COLLECTED MATERIAL:
+++

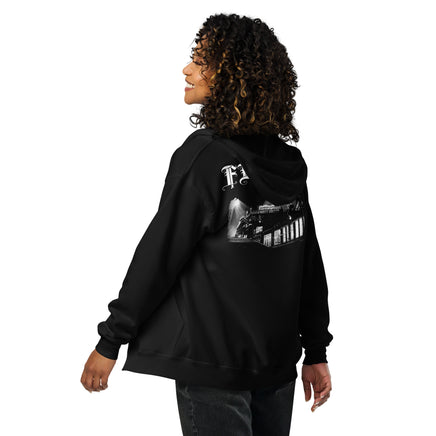 Woman wearing the Fenway Gothic zip hoodie, back view showing the Fenway Park print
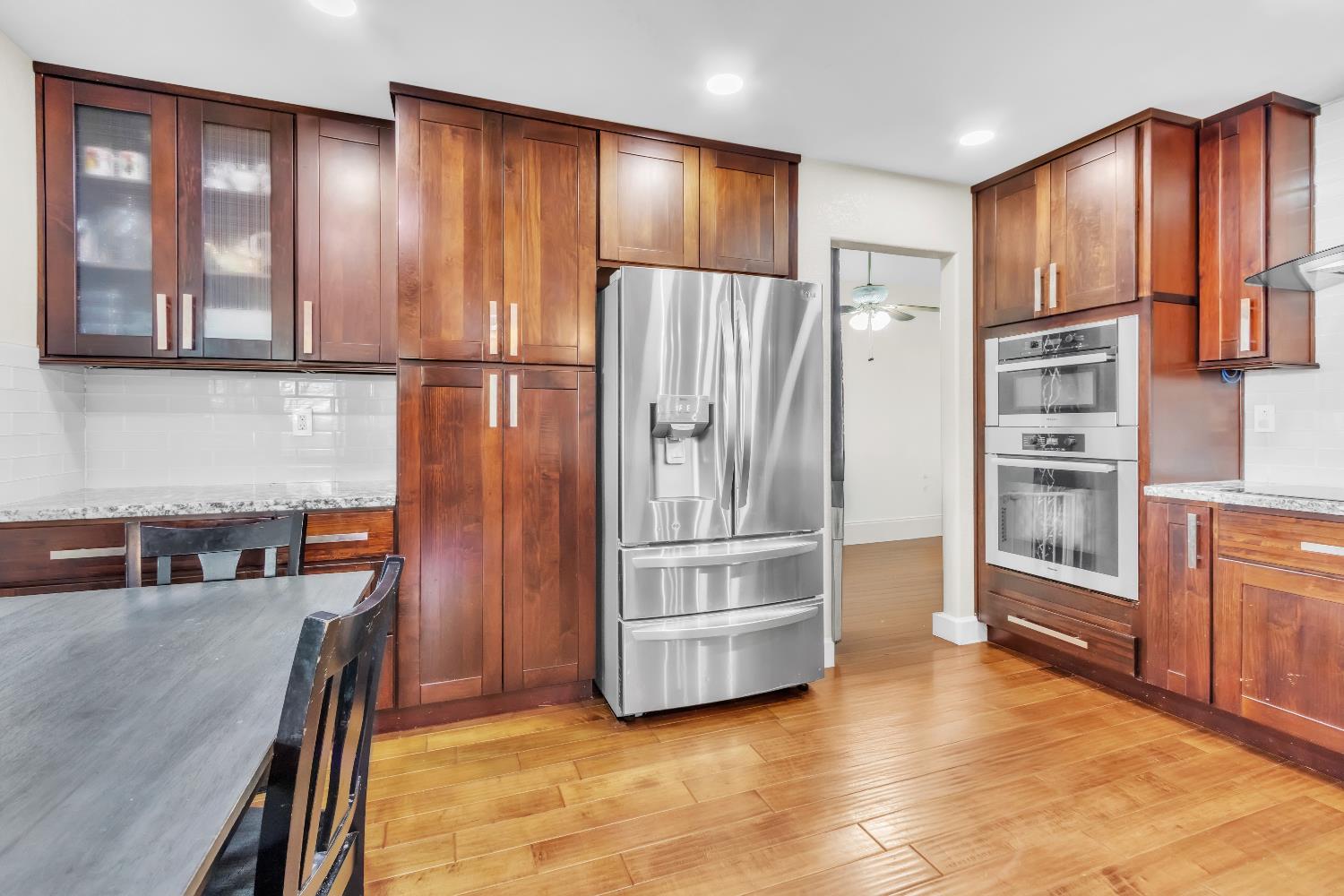8148 Orchid Tree Way Antelope, CA 95843 - Photo 22 of 33 a kitchen with stainless steel appliances granite countertop a refrigerator and a stove top oven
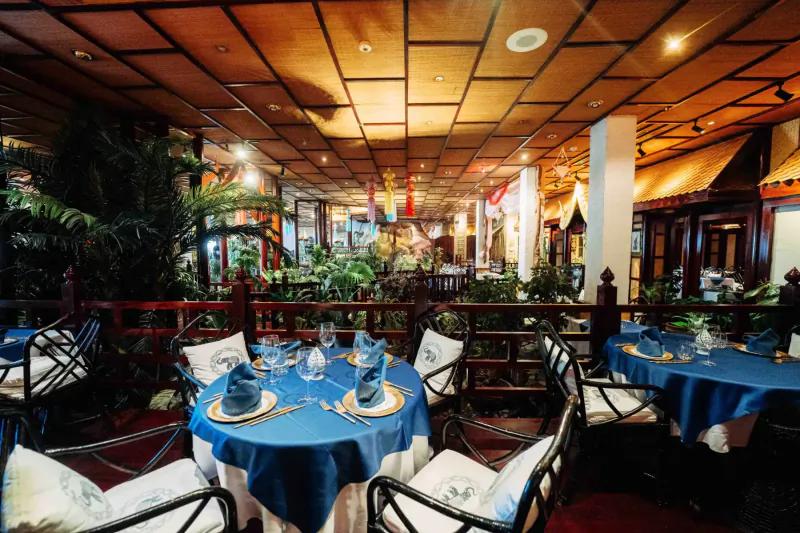 Elegant Hilton Malta restaurant interior with wooden ceiling, lush plants, blue-clothed tables set with glassware.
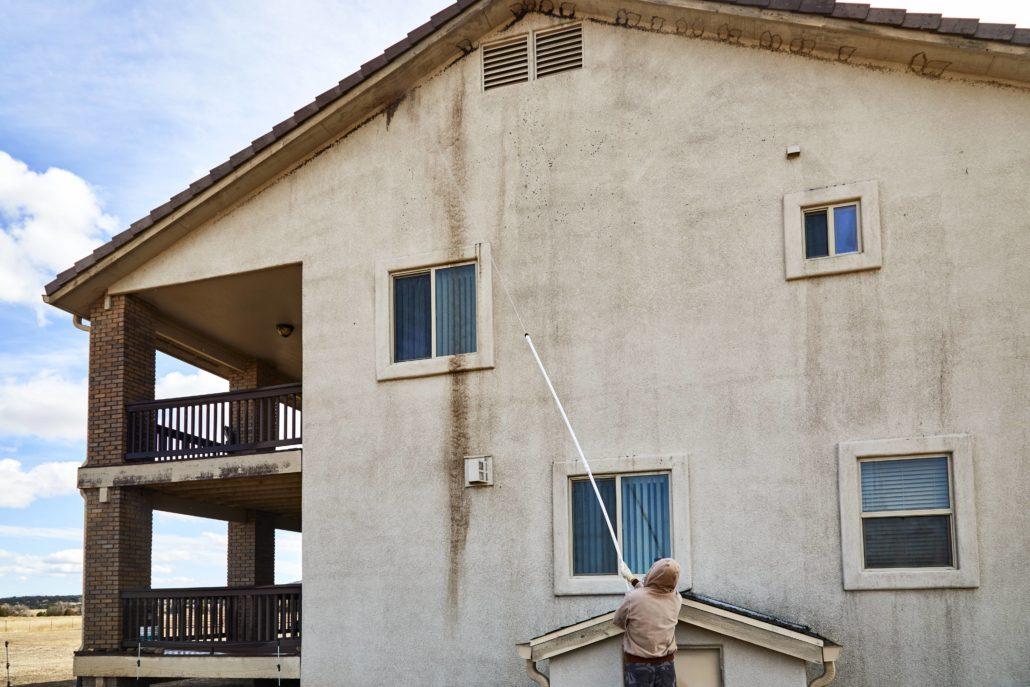 cleaning stucco on a house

+++

WORK TASK: What you output must be exactly the lines from the line with "Elegant Hilton Malta" through the last line of the listing, pictures excluded.

EXERCISE RESULT:
 Elegant Hilton Malta restaurant interior with wooden ceiling, lush plants, blue-clothed tables set with glassware.
 cleaning stucco on a house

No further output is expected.